Neat Workflow is concept that enables users to automate complex processes involving multiple steps and systems. The workflow engine follows a modular, step-by-step process that can be customized to suit your specific data transformation needs. Each step in the workflow corresponds to a specific task, such as loading transformation rules, configuring graph stores, and loading the source graph. Users can customize the workflow by adding or removing steps, or by modifying the parameters in each step to match their specific data requirements.

Execution history

Terminology#

  • Solution - a package that contains a set of workflows, rules and other components that are used to solve a specific problem.
  • Workflow - a set of steps that are executed in a specific order.
  • Step - a single block of code (function) that is executed as part of a workflow.
  • Trigger - a special type of step that can be used to trigger workflow execution.
  • Task - is a special type of step that has provided implementation .
  • Flow message - a message that is passed between steps. The message is a dictionary that contains information about the current state of the workflow.
  • Workflow manifest - a YAML file that contains information about the workflow configuration , steps transitions , triggers and tasks cofiuration and other workflow related metadat.
  • Workflow context - is local key-value store (scoped to a single workflow) that is used to store objects produced by steps. Objects stored in the context used for data sharing between steps via dependency injection.
  • Workflow Engine - internal service that orchestrates steps execution.
  • Configurations - a set of configurable parameters that are separated from the workflow logic and stored in manifest file (workflow.yaml). Configurations can be updated by a user via UI or API.
  • Transformation Rules - Definition of data model and a set of rules that define how the data should be transformed from the source graph to the solution graph to the CDF resources. The rules are defined as Excel file.
  • Data modelling functions - a collection of functions for data modelling. The functions are defined in a python module and provided by NEAT project.
  • Data transformation functions - a collection of functions that define how the data should be transformed from the solution graph to the CDF resources. The functions are defined in a python module and provided by NEAT project.
  • Workflow Execution History - a set of records that contain information about workflow execution history. The records are stored in the CDF and can be accessed via UI or API.

Steps#

Step is a block of isolated functionality that is packaged into python class that is inherited from Step base class. Steps are organized into workflows and executed in a specific order. Each step can have input and output parameters. Input parameters are passed to step from Flow context according to their data contract . Output parameters are stored in Flow context and can be used by other steps.

Triggers#

Trigger is a special type of step that can be used to trigger workflow execution.

Supported trigger types :

  • http_trigger - HTTP trigger that can be used to trigger workflow execution via HTTP request.Also use by UI to trigger workflow execution.
  • time_trigger - time trigger that can be used to trigger workflow execution on schedule.

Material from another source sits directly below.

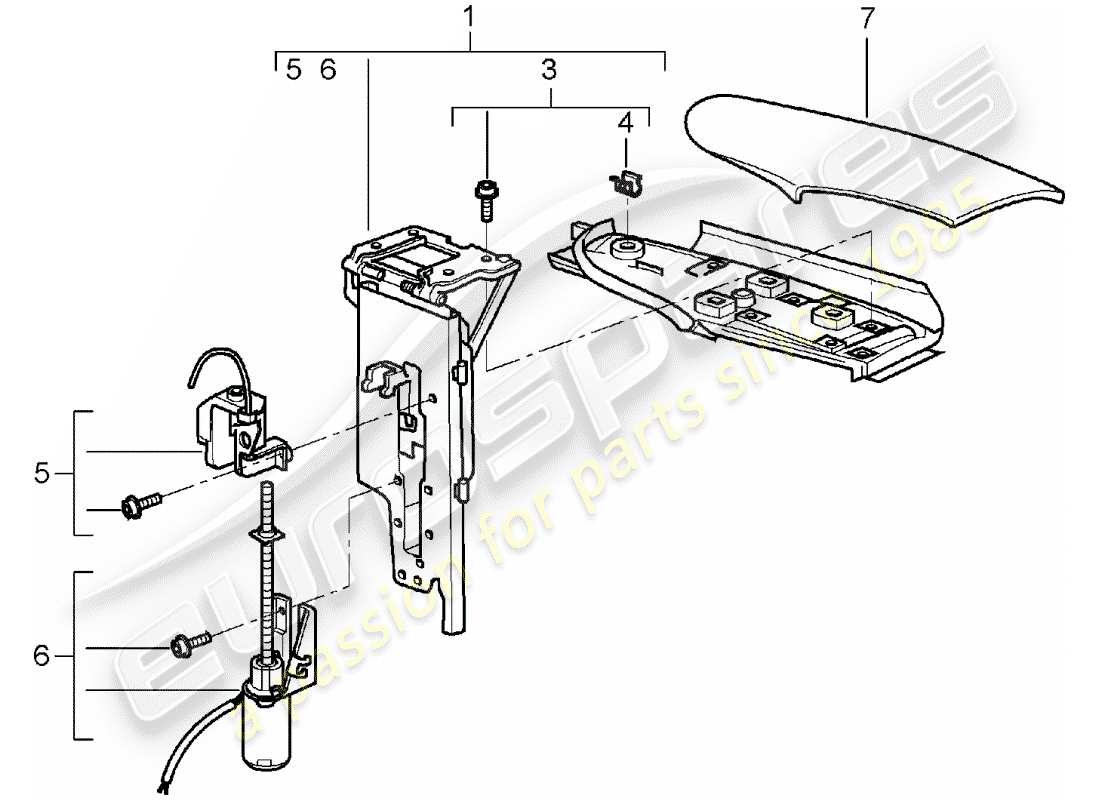 porsche 2007 (997-1) flap part diagram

time_trigger uses the schedule[https://pypi.org/project/schedule/] for workflow scheduling. To set up job schedules using time_trigger, enter natural language expressions within the Time Interval field of the corresponding step. Below are examples of supported natural language intervals: - every day at 10:00 - every monday at 12:30:10 - every 60 minutes - every 2 hours - every 3 days - every 30 seconds

Tasks#

Task is a special type of step that has provided implementation (no need to implement it in workflow.py) and can be used to perform some common tasks. Task are configured via params section in manifest file.

Supported task types :

  • start_workflow_task_step - start another workflow. FlowMessage is passed to started workflow as input. The task supports synchronious and asynchronious execution.
  • wait_for_event - the task pause workflow execution until event is received.

Flow Message#

FlowMessage is a special object that is passed from one step to another and it's captured in execution log.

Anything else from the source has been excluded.